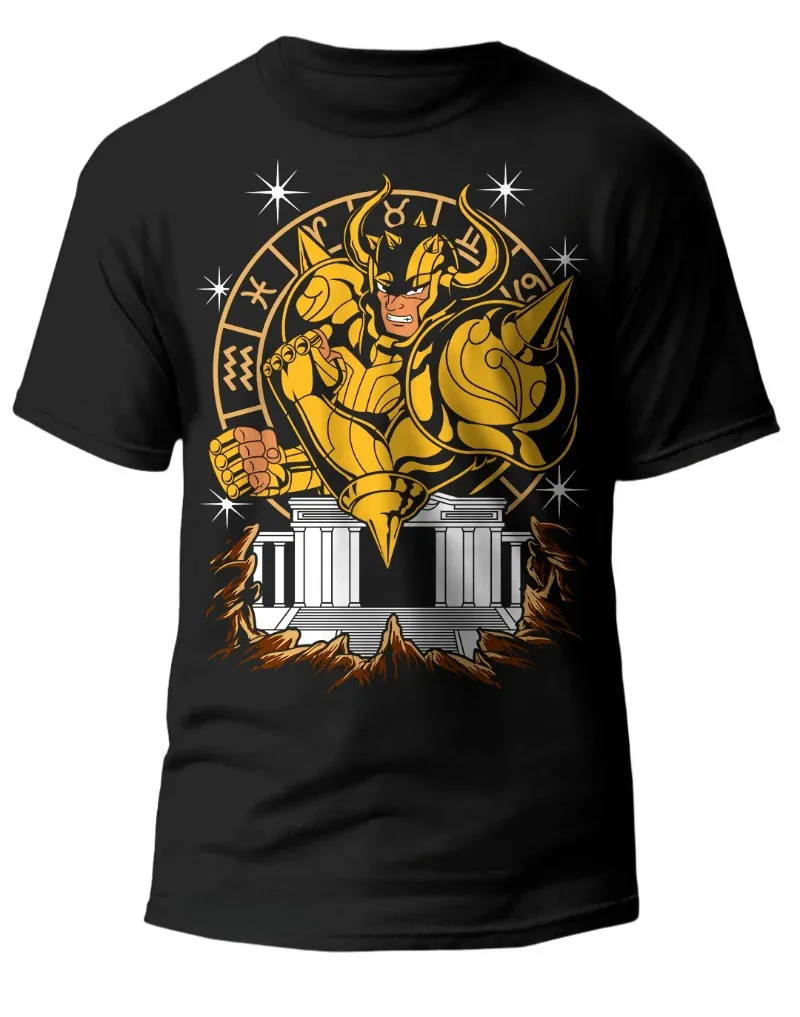 2025 Bandai autorizado Saint Seiya Taurus Gold Saint Seiya Arudiba impreso negro edición suelta camiseta para hombre Camisetas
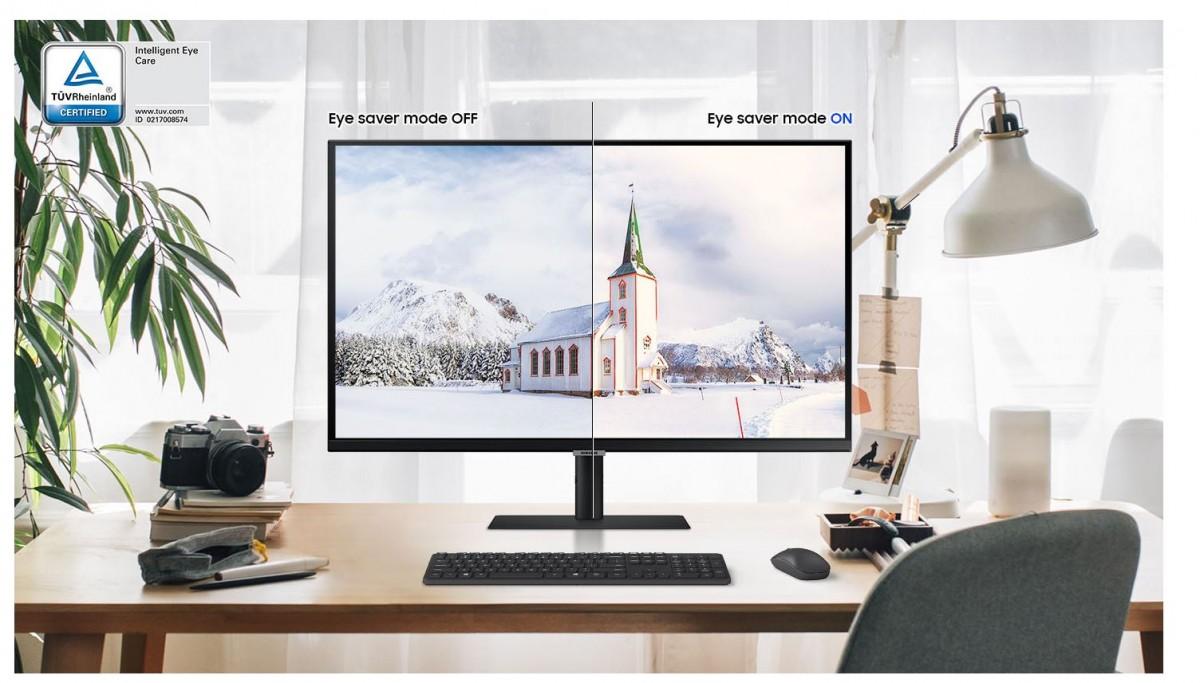 Monitorius SAMSUNG S32A600U 32inch Bezelless 16:9 2560x1440 VA 4ms HDR10 HAS/Swivel/Pivot/Tilt 130mm HDMI/DP/USB-C 90W LAN USB3-HUB VESA 100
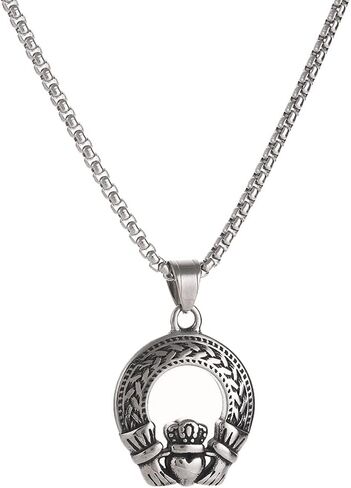 TURTLEDOVE Celtic Claddagh Pendant Necklace, Stainless Steel Love Knot Pendant, Traditional Irish Design Jewelry for Love in Saudi Arabia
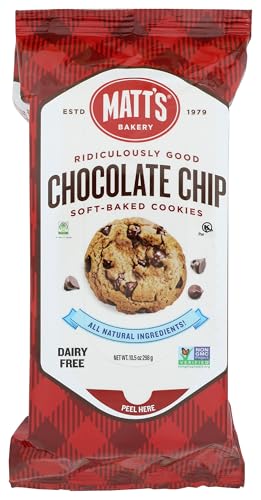 Matt's Bakery Chocolate Chip Soft-Baked Cookies, All Natural, Kosher, Non-GMO, 10.5 Ounce (Pack of 6)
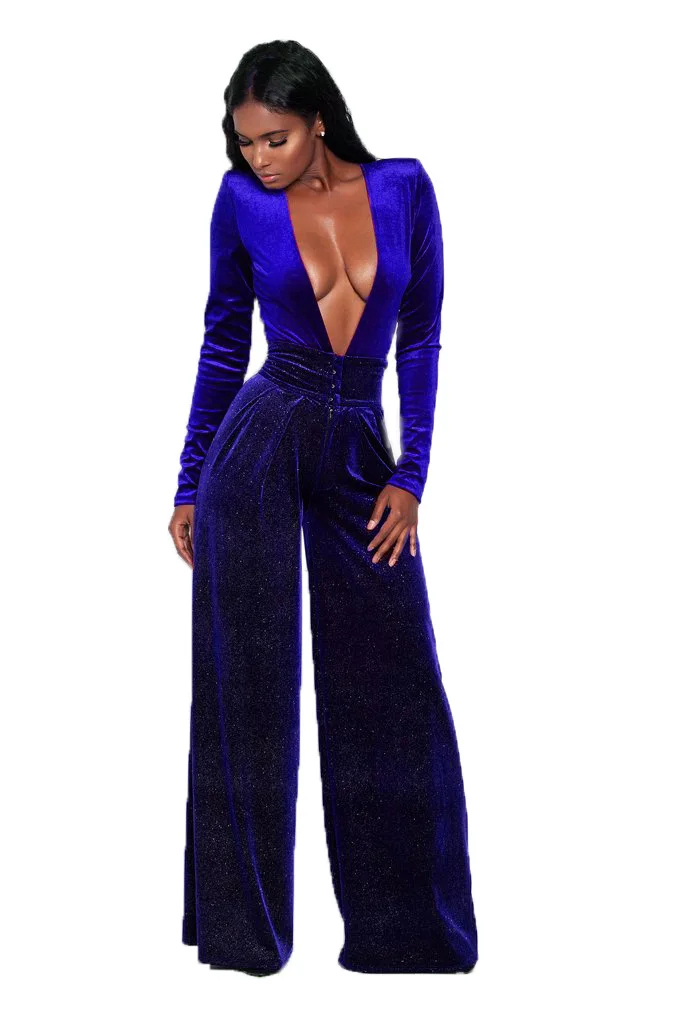 Элегантный бархатный комбинезон для женщин, сексуальный глубокий v-образный вырез, длинный рукав, широкие брюки, женский комбинезон, повседневный осенне-зимний клубный комбинезон - Цвет: blue jumpsuit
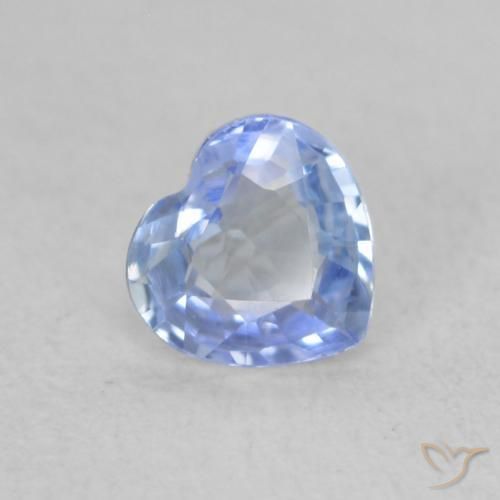 Safira Pastel Azul Natural 0.50ct, Coração, VVS-VS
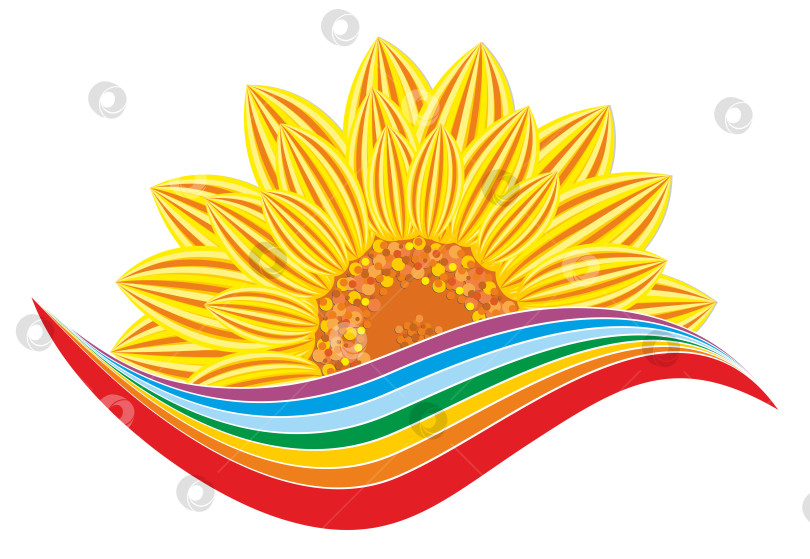 Скачать Логотип подсолнуха с радугой. фотосток Ozero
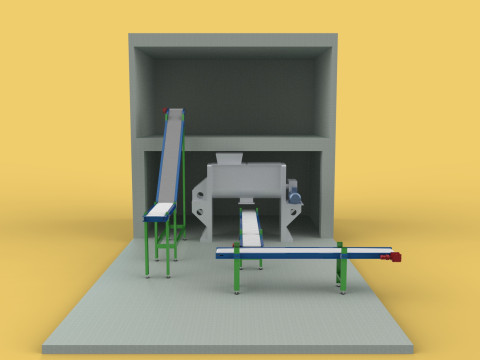 BELT CONVEYOR RIBBON MIXER BLENDER PRODUCTION LINE WAREHOUSE Modello 3D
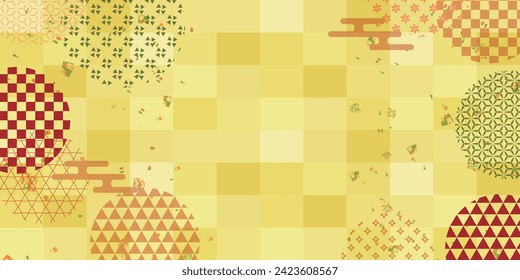 Fondo del patrón japonés de oro de primavera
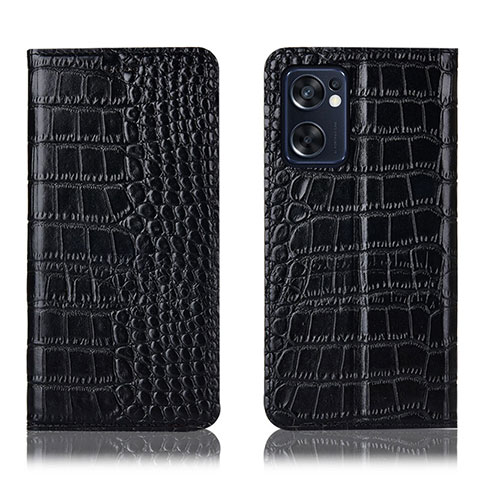 Coque Portefeuille Livre Cuir Etui Clapet H08P pour Oppo Reno7 SE 5G Noir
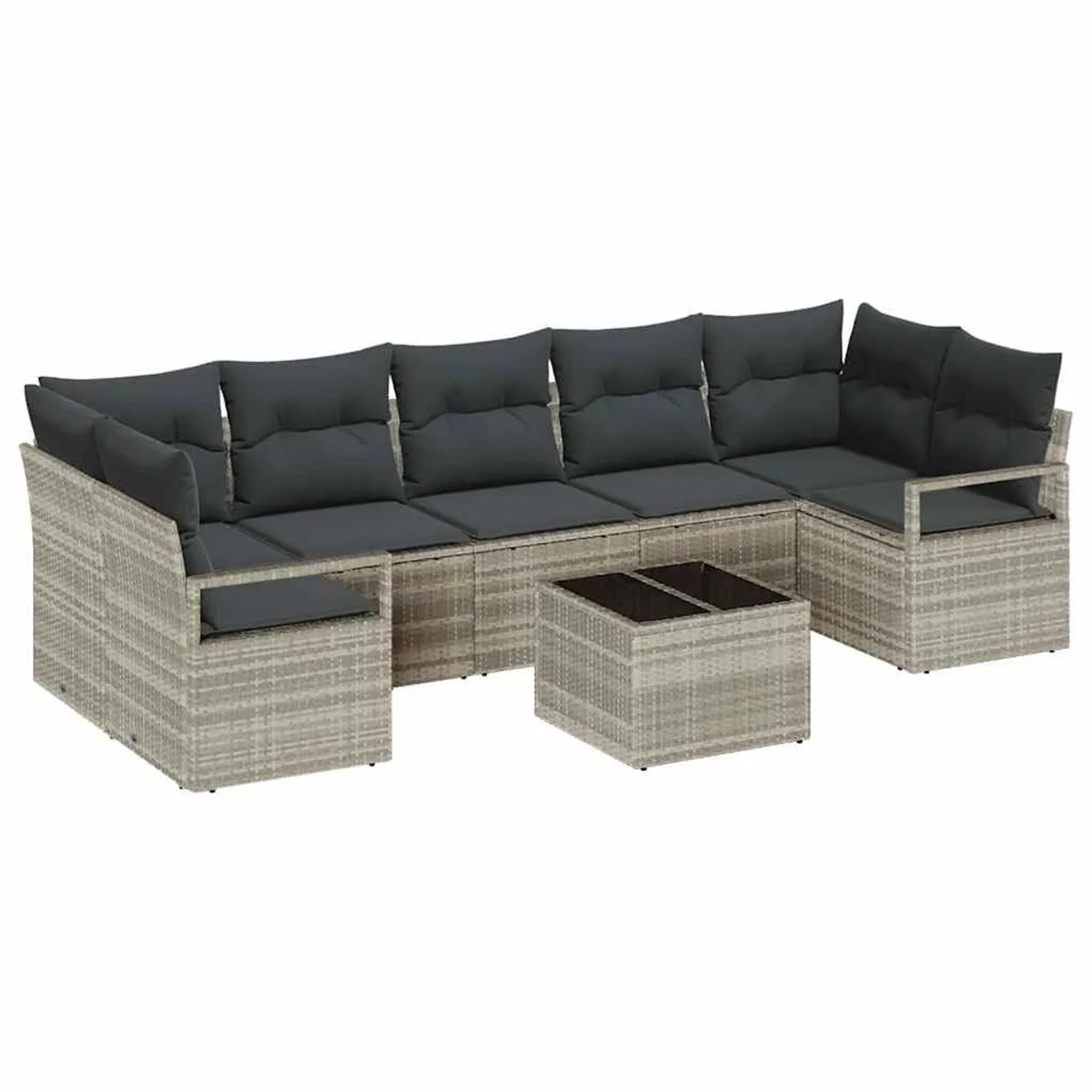 vidaXL Garten-Sofa-Set mit Kissen 8-Tlg Hellgrau und Dunkelgrau 3354971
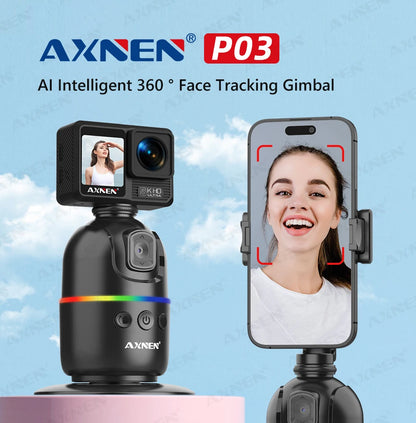 AXNEN AI P03 Smart Gimbal 360 Auto Face Tracking All-in-one Rotation for Smartphone / Cameras / Action Cam Video Vlog Recording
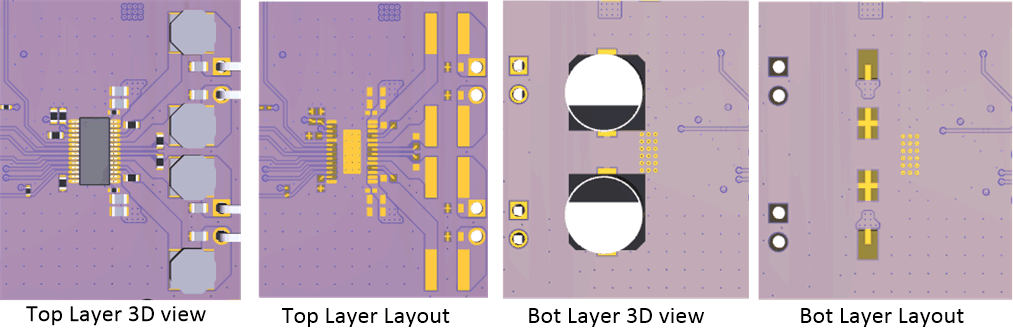 TAS5815 2.0 (Stereo BTL with Inductor
                    as Output Filter) Layout View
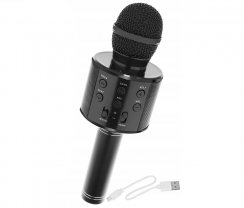 Bezdrôtový karaoke mikrofón WS-858 - Čierny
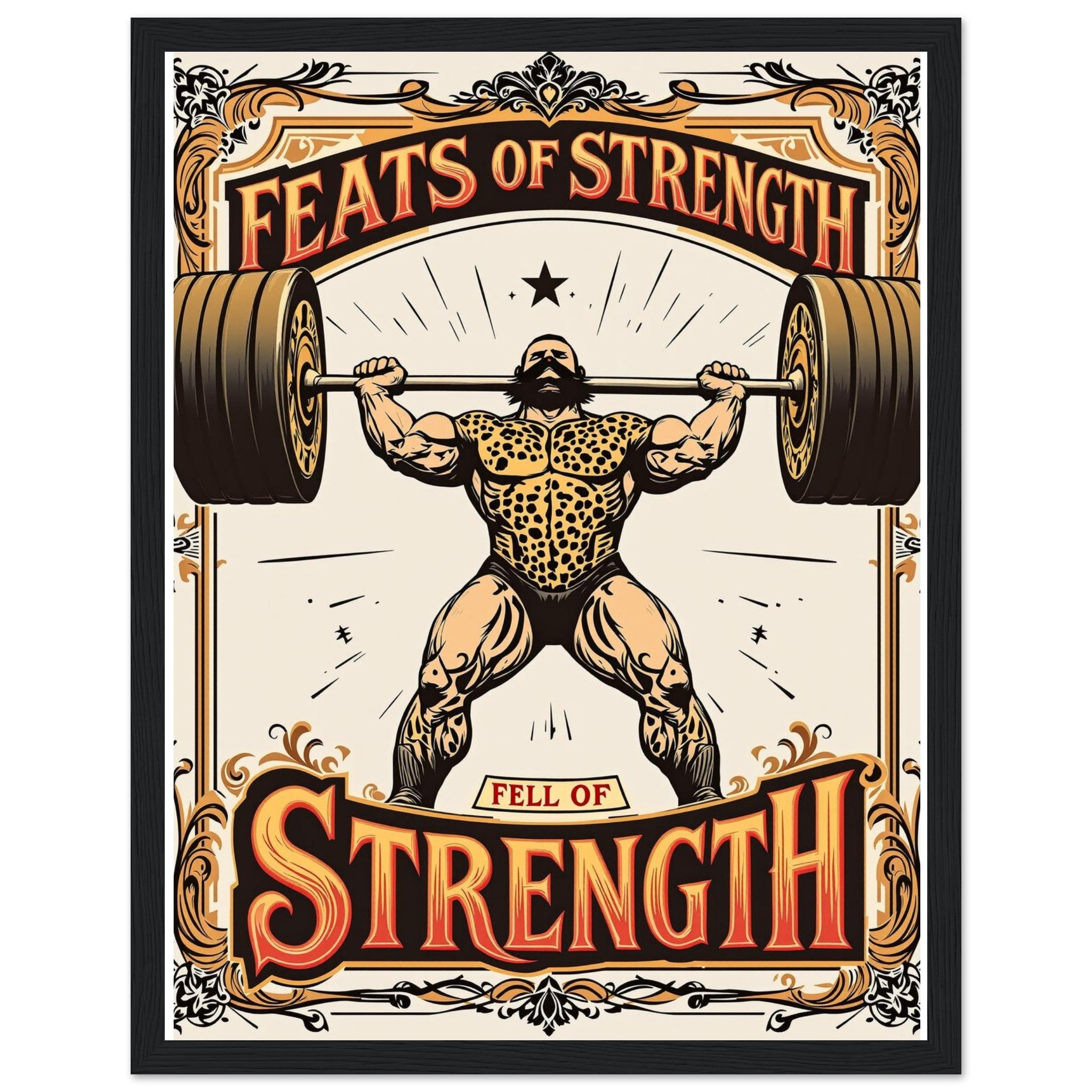 Retro Weightlifting Strongman Framed Print Wall Art Ready to Hang UK — Framed Art Print | Wild Thread Co UK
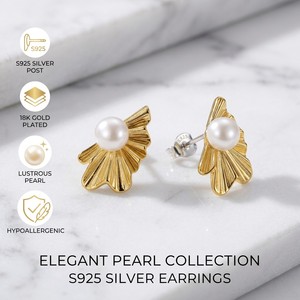 Pendientes de Concha en Oferta, Chapados en Oro de 18K, Estilo Perla, para Regalo de Aniversario, Joyería Francesa de Lujo Ganku - Product Image 1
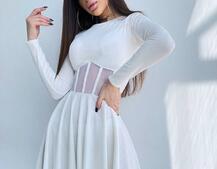 Приталена сукня з корсетною вставкою та спідницею-сонцем Приталена сукня з корсетною вставкою та спідницею-сонцем | PUSHKA SHOP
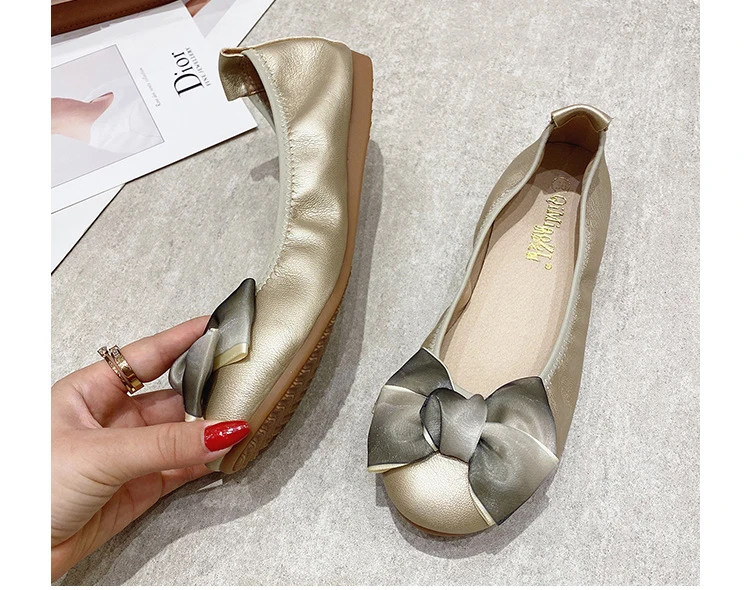 Womens Foldable Soft Round Toe Ballet Flats Butterfly Knot Sweet Comfortable Slip on Flat Ballerinas Shoes Woman PU Leather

********

▶ **EXERCISE**
In the listing above, find the line holding "BELT CONVEYOR RIBBON" and the line holding "as Output Filter)". Reproduce those two lines and all between them exactly, leaving out pictures.

▶ **RESPONSE**
 BELT CONVEYOR RIBBON MIXER BLENDER PRODUCTION LINE WAREHOUSE Modello 3D
 Fondo del patrón japonés de oro de primavera
 Coque Portefeuille Livre Cuir Etui Clapet H08P pour Oppo Reno7 SE 5G Noir
 vidaXL Garten-Sofa-Set mit Kissen 8-Tlg Hellgrau und Dunkelgrau 3354971
 AXNEN AI P03 Smart Gimbal 360 Auto Face Tracking All-in-one Rotation for Smartphone / Cameras / Action Cam Video Vlog Recording
 TAS5815 2.0 (Stereo BTL with Inductor
                    as Output Filter) Layout View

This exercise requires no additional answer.